WHAT IS REQUIRED
Given the records below, the lines starting at the line with "JDLQ Mini stylo" and ending at the line with "Poster in einem" should be output exactly, both end lines kept and pictures left out.

PROVIDED MATERIAL
_ _ _

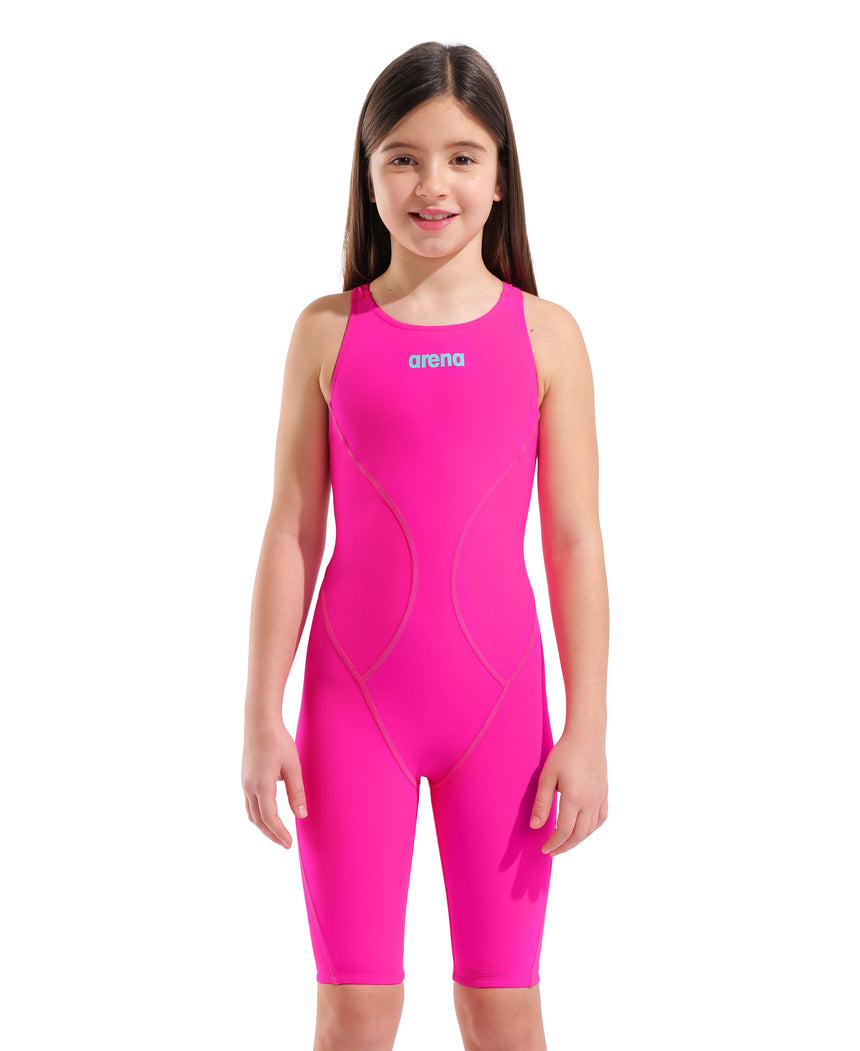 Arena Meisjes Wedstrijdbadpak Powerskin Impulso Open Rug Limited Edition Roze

_ _ _

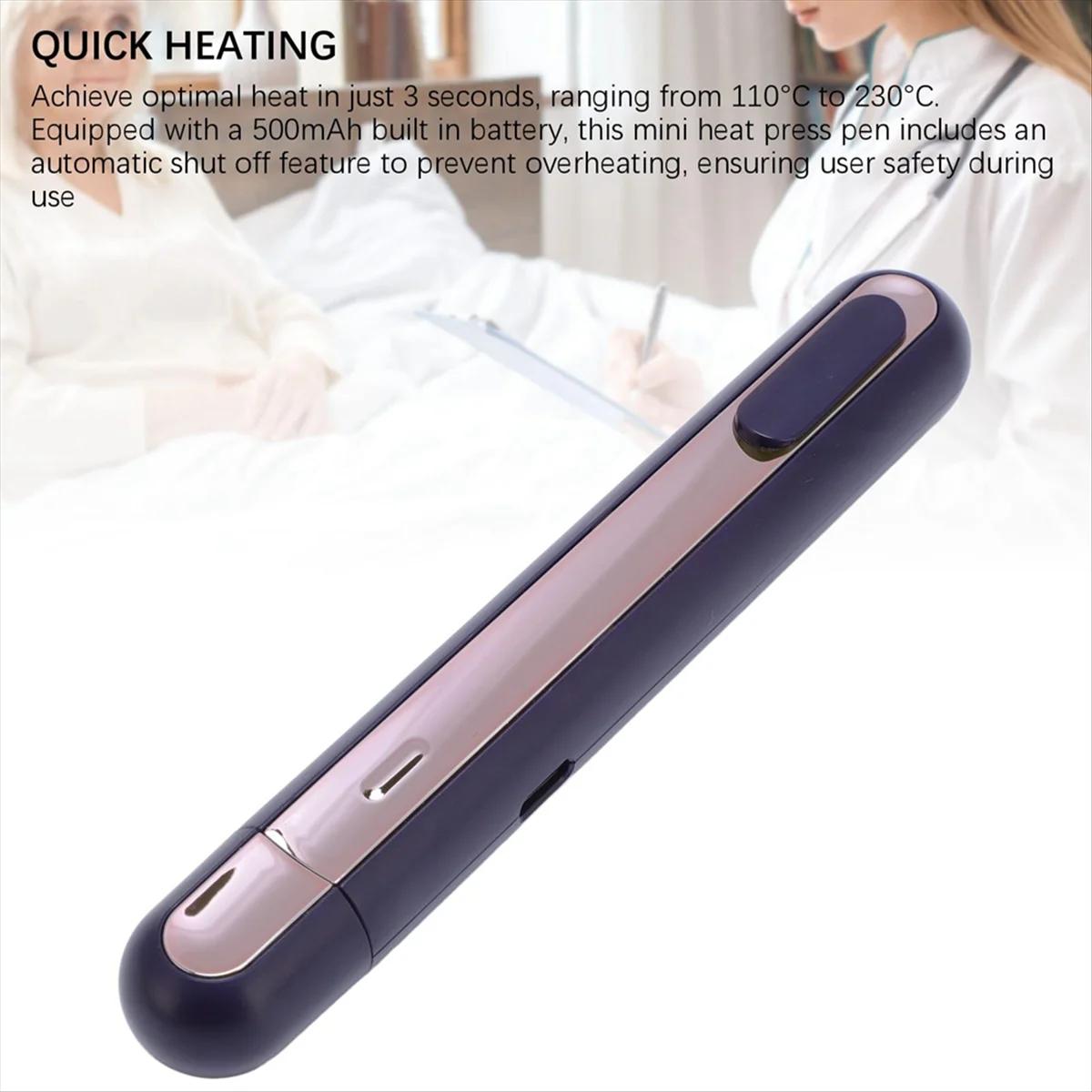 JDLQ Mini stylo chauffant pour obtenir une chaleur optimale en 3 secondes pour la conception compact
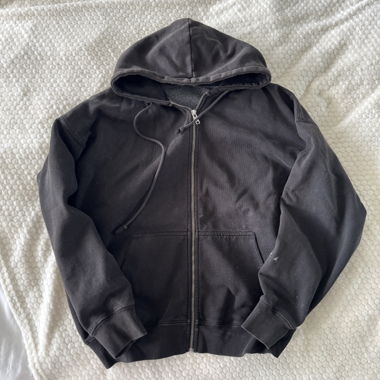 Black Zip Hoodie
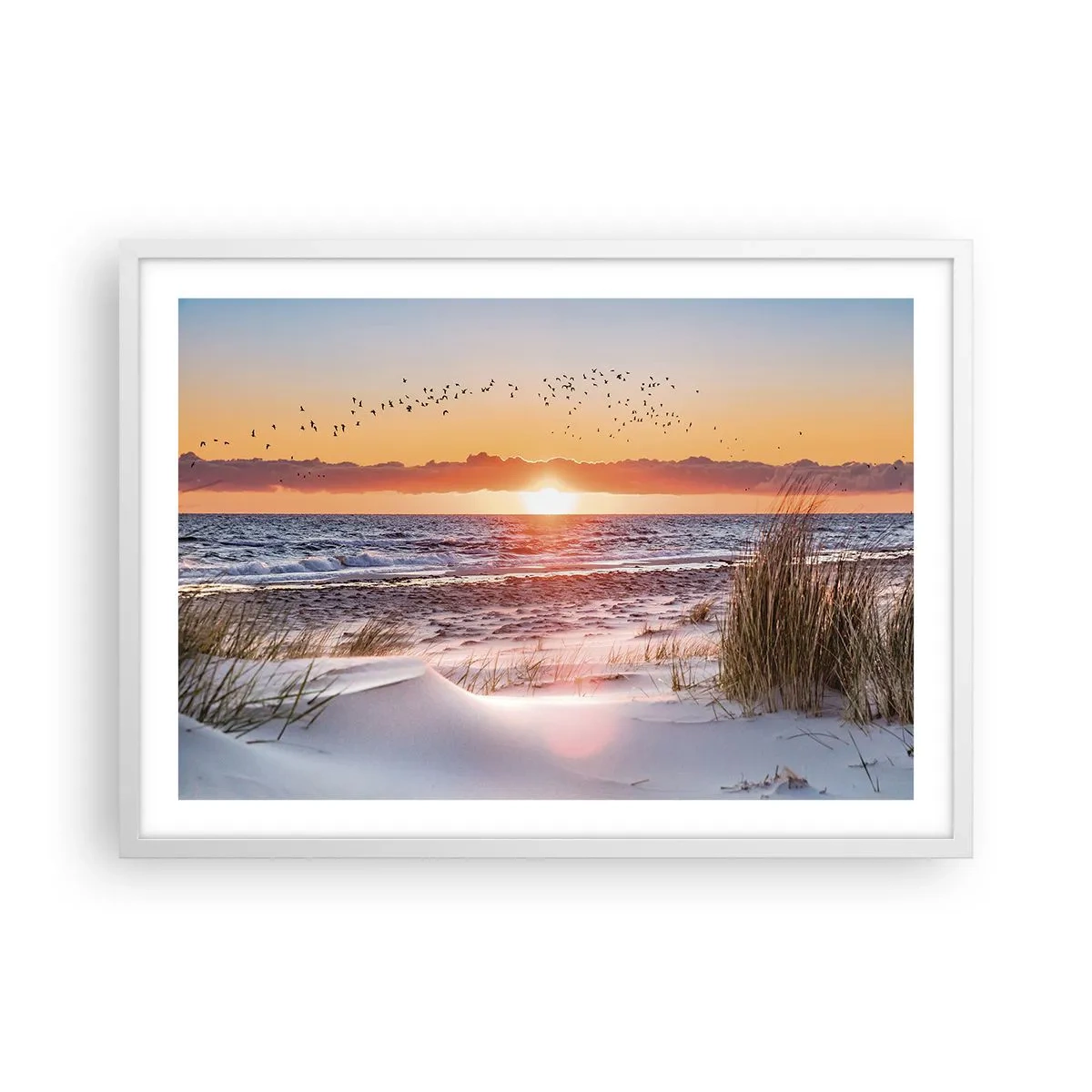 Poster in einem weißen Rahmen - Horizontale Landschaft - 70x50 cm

_ _ _

RESULT FOR THIS TASK
 JDLQ Mini stylo chauffant pour obtenir une chaleur optimale en 3 secondes pour la conception compact
 Black Zip Hoodie
 Poster in einem weißen Rahmen - Horizontale Landschaft - 70x50 cm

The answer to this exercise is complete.